Plaintiff makes the point that there was no evidence to support the verdict. However, plaintiff, having joined with the defendant in submitting the issues to the jury upon the question as to whether defendant executed the note sued upon, which was a renewal note of the one originally executed by the defendant, for the purpose of accommodating plaintiff' or Hopkins, is not now in a position to urge this point. Thomas v. Boatright (Mo. App.) 245 S. W. 211. Aside from this we think that there is substantial evidence to go to the jury upon this question. Plaintiff makes much of isolated testimony of defendant on his cross-examination. This evidence is as follows:

"Q. Who was to receive the proceeds of that note? Wasn't it the understanding that Hopkins was to receive the proceeds of the note? A. It was to be given into the bank to cover up some of his paper; yes. Q. And Hopkins was to get the proceeds of it, wasn't he? A. I don't know whether he was to get the proceeds of it, or not. It was to cover up — Q. (interrupting). It was to cover up his paper? A. Yes, sir. Q. And help him? A. Yes sir."

It is insisted that defendant is bound by this testimony, and that it shows that the note was given for the accommodation of Hopkins. Defendant's evidence in chief and his other evidence on cross-examination is so strong and explicit that he was not signing the note for the accommodation of Hopkins that the quoted testimony of the defendant was evidently not meant in the way that plaintiff insists it should be construed. All inferences from the evidence must be taken in their most favorable light to the defendant. The record discloses that defendant was not an overly intelligent person, and, of course, was not familiar with the workings of a bank. His testimony, quoted, is susceptible to the construction that the bank was taking measures to assist Hopkins, a large customer, as well as itself. If the bank could not "cover up" Hopkins' loans, then the latter would have been required to reduce them. But defendant's evidence shows that whatever he did was to accommodate the bank, and that he was not interested in Hopkins. We think that his testimony taken as a whole was for the consideration of the jury upon the issues presented. Lamb v. Mo. Pac. Ry. Co., 147 Mo 171, 187, 48 S. W. 659, 51 S. W. 81; Bond v. C., B. & Q. Ry. Co., 110 Mo. App. 131, 84 S. W. 124; Bobbitt v. United Rys. Co., 169 Ea. App. 424, 153 S. W. 70.

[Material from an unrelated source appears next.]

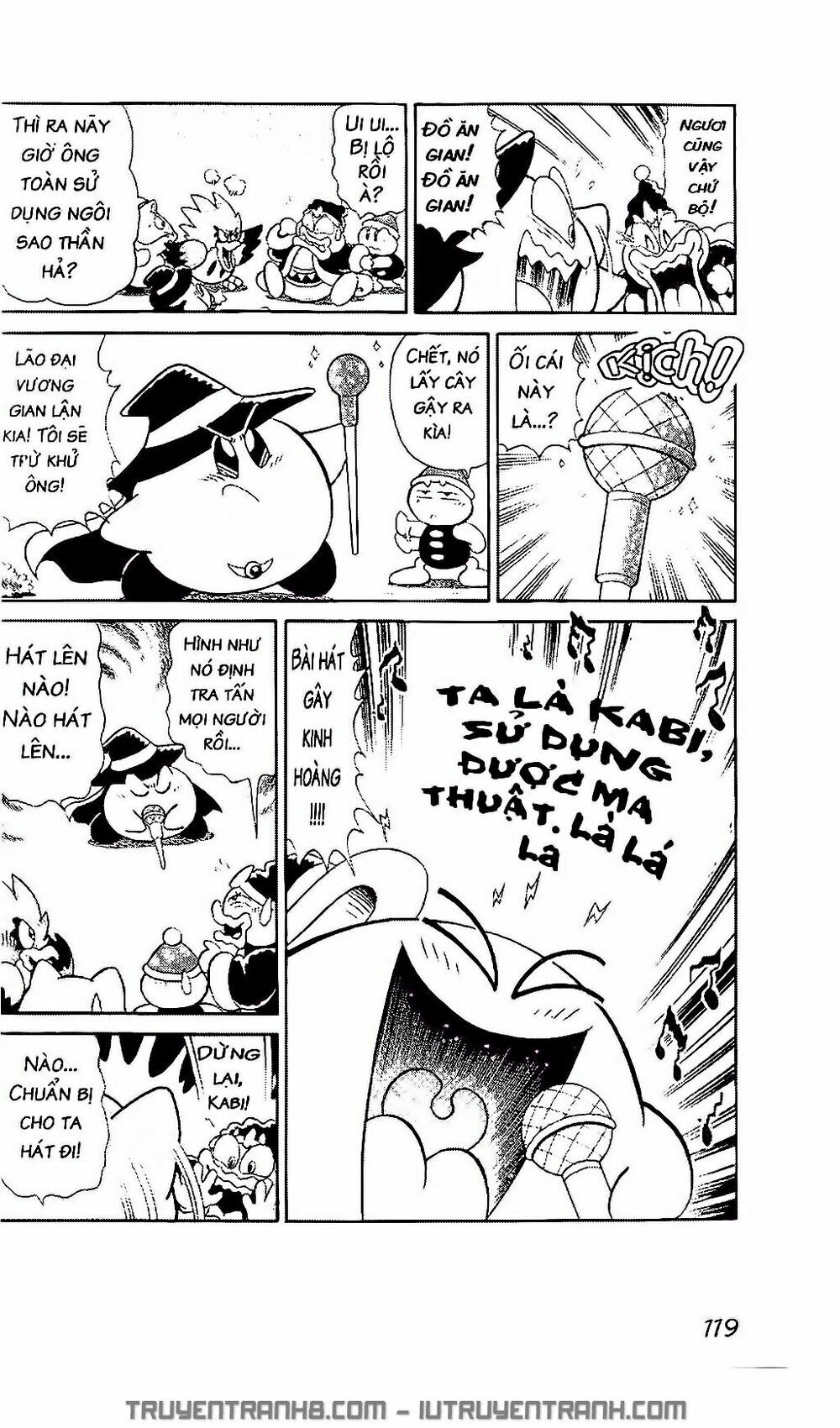 Ngôi Sao Kabi Chapter 25 - Trang 2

It is insisted that defendant was liable to plaintiff on the note he signed, because he retained the Hopkins-Lauman note; that had he indorsed and delivered that note to the plaintiff, then plaintiff could have held Hopkins and Lauman as makers. Under the agreement made between Peck and the defendant, it was the duty of plaintiff to return defendant's note to him before it could require him to return to defendant the Hopkins-Lauman note. Peck testified that he placed the Hopkins-Lauman note in his private box to be held for the defendant, and that he, turned it over to McGinnis with instruction to deliver it to the defendant. McGinnis gave it to the defendant saying, "Peck sent it to me to give to you." Defendant testified, "I took it * * * I told him (McGinnis), * * * `If you don't want it, I will take it, and keep it.'"

It is insisted that there is no evidence that Peck as president had power to make the agreement with the defendant that is claimed by the latter; "in other words, the court cannot assume that Peck, as president, took the original note as accommodation paper." A like contention was disposed of unfavorably to it in the case of Bank v. Keith, 85 Mo. App. 409.